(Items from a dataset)
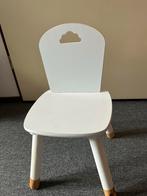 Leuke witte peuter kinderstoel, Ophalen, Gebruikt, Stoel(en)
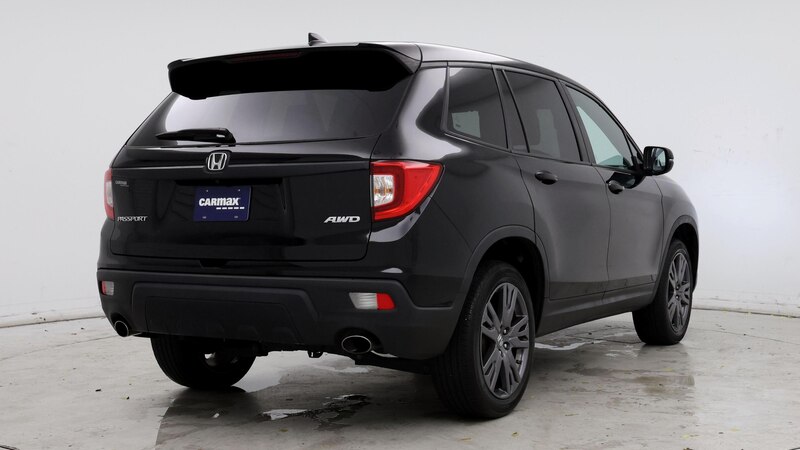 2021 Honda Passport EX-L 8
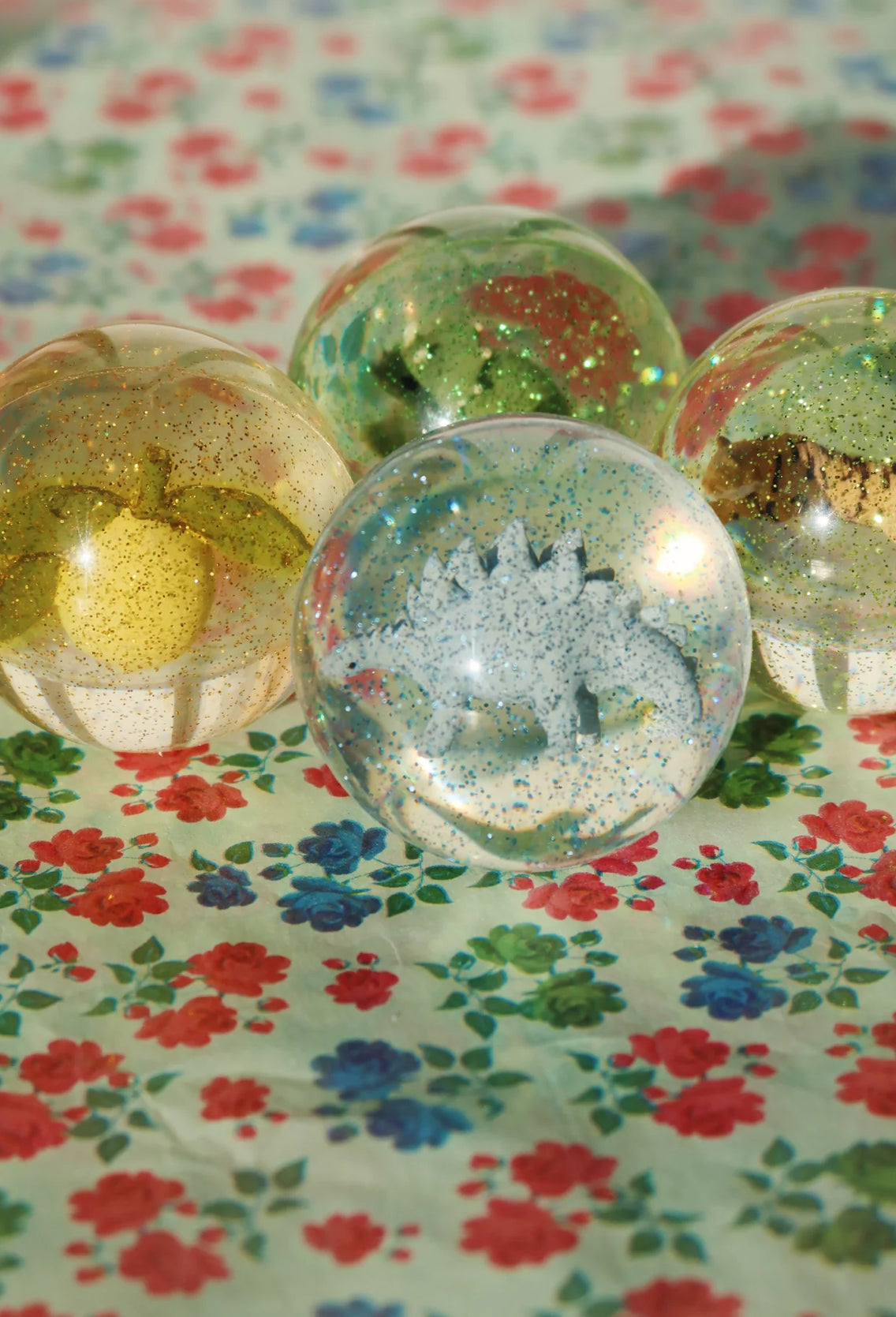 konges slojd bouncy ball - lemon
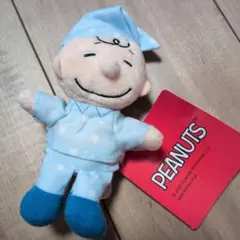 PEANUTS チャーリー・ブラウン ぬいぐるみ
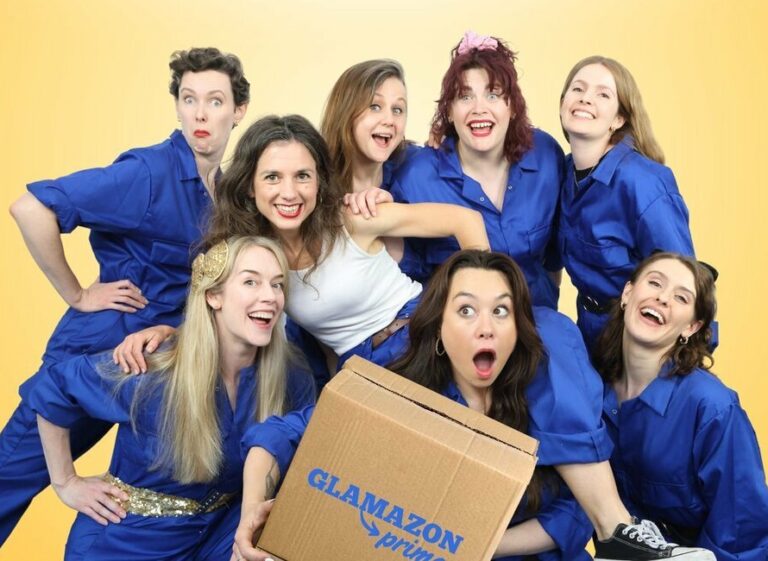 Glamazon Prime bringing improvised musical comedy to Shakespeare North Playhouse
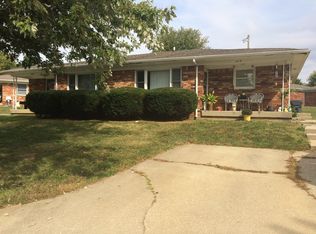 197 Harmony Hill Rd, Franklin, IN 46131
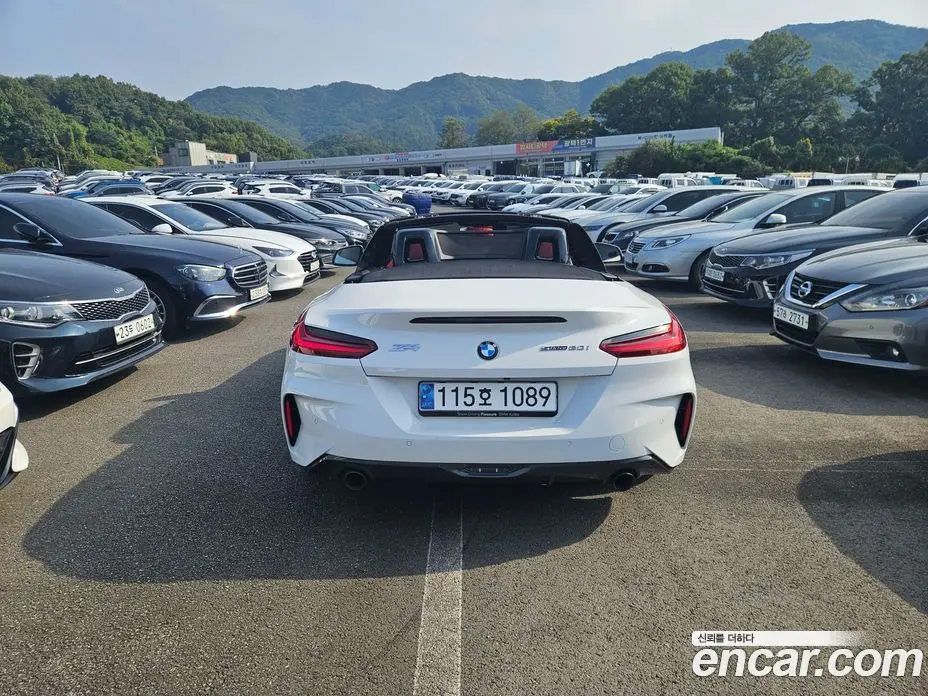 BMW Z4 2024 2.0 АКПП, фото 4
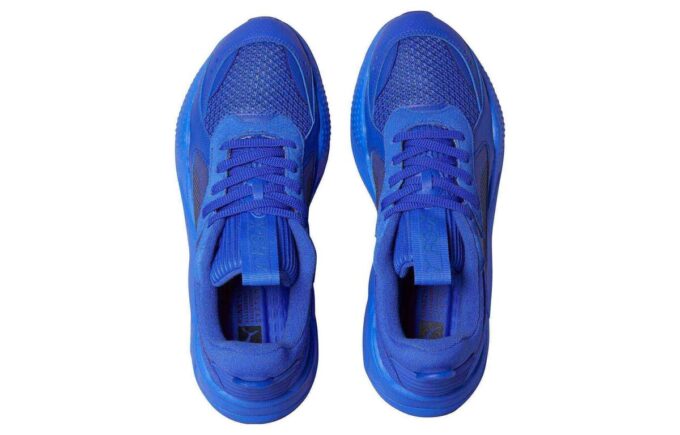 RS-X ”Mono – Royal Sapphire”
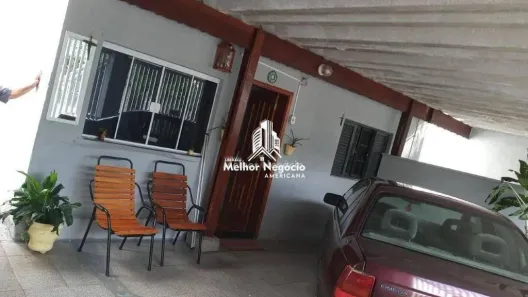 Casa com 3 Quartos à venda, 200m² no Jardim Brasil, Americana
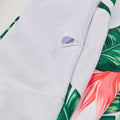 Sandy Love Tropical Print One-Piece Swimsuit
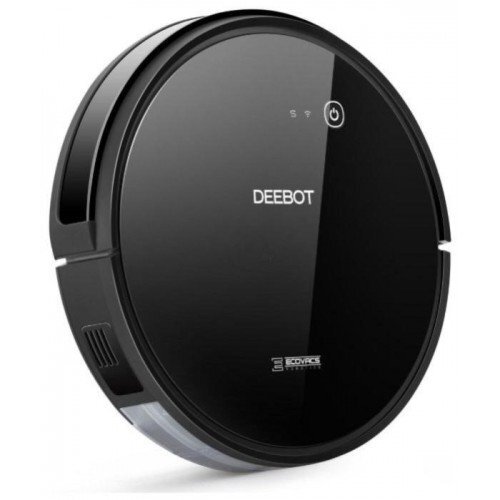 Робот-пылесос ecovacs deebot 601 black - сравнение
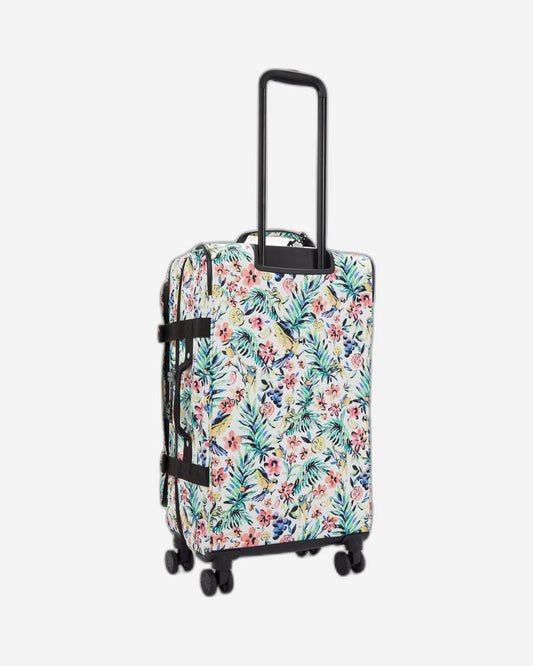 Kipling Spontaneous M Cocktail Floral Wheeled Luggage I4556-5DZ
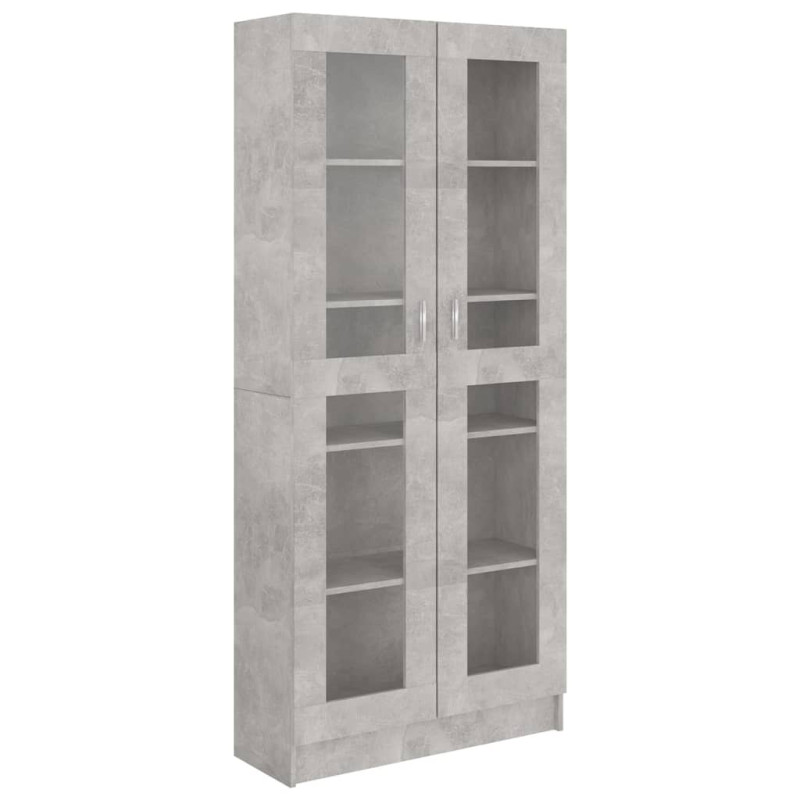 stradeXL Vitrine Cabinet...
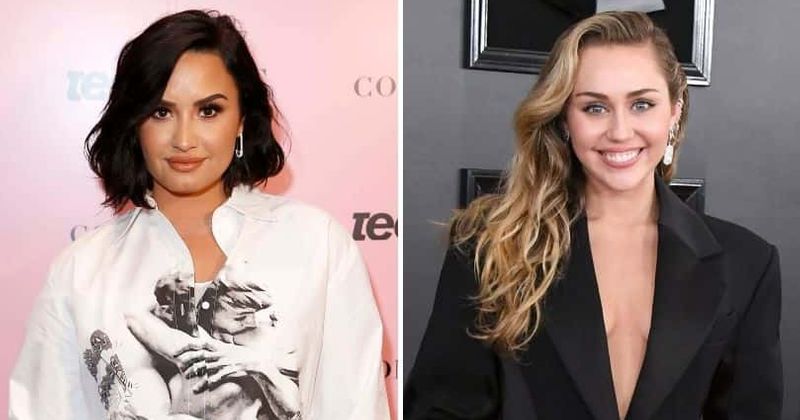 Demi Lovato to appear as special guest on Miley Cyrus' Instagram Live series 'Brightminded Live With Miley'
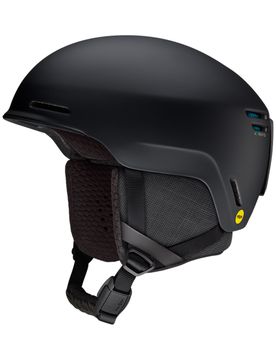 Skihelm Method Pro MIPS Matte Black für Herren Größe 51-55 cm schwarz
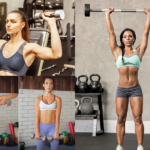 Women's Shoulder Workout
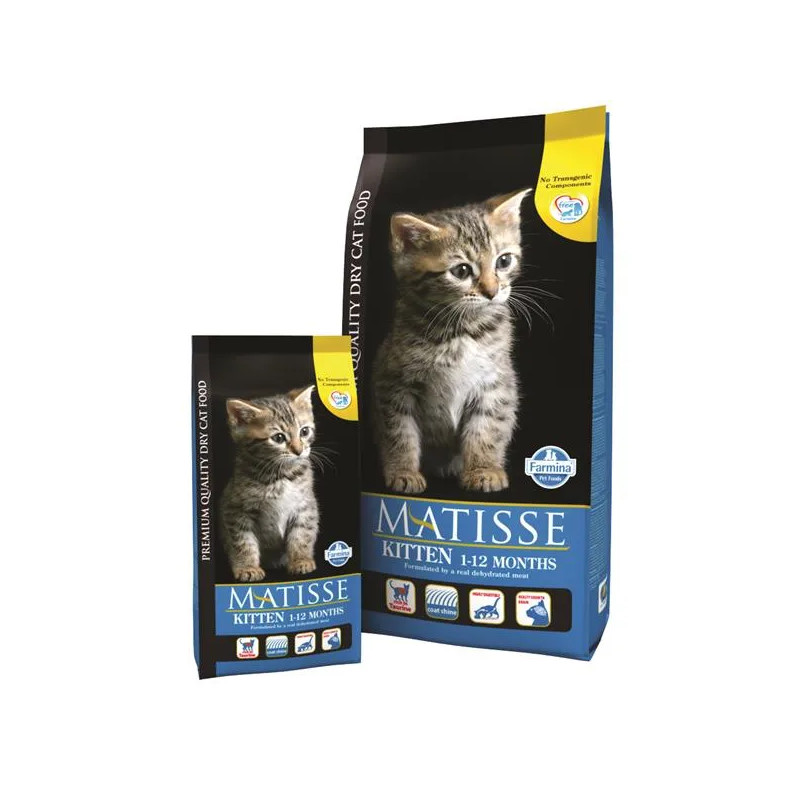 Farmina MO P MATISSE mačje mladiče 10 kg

Problem statement: Omitting the images, output each record precisely as written.

Exercise solution:
 Leuke witte peuter kinderstoel, Ophalen, Gebruikt, Stoel(en)
 2021 Honda Passport EX-L 8
 konges slojd bouncy ball - lemon
 PEANUTS チャーリー・ブラウン ぬいぐるみ
 Glamazon Prime bringing improvised musical comedy to Shakespeare North Playhouse
 197 Harmony Hill Rd, Franklin, IN 46131
 BMW Z4 2024 2.0 АКПП, фото 4
 RS-X ”Mono – Royal Sapphire”
 Casa com 3 Quartos à venda, 200m² no Jardim Brasil, Americana
 Sandy Love Tropical Print One-Piece Swimsuit
 Робот-пылесос ecovacs deebot 601 black - сравнение
 Kipling Spontaneous M Cocktail Floral Wheeled Luggage I4556-5DZ
 stradeXL Vitrine Cabinet...
 Demi Lovato to appear as special guest on Miley Cyrus' Instagram Live series 'Brightminded Live With Miley'
 Skihelm Method Pro MIPS Matte Black für Herren Größe 51-55 cm schwarz
 Women's Shoulder Workout
 Farmina MO P MATISSE mačje mladiče 10 kg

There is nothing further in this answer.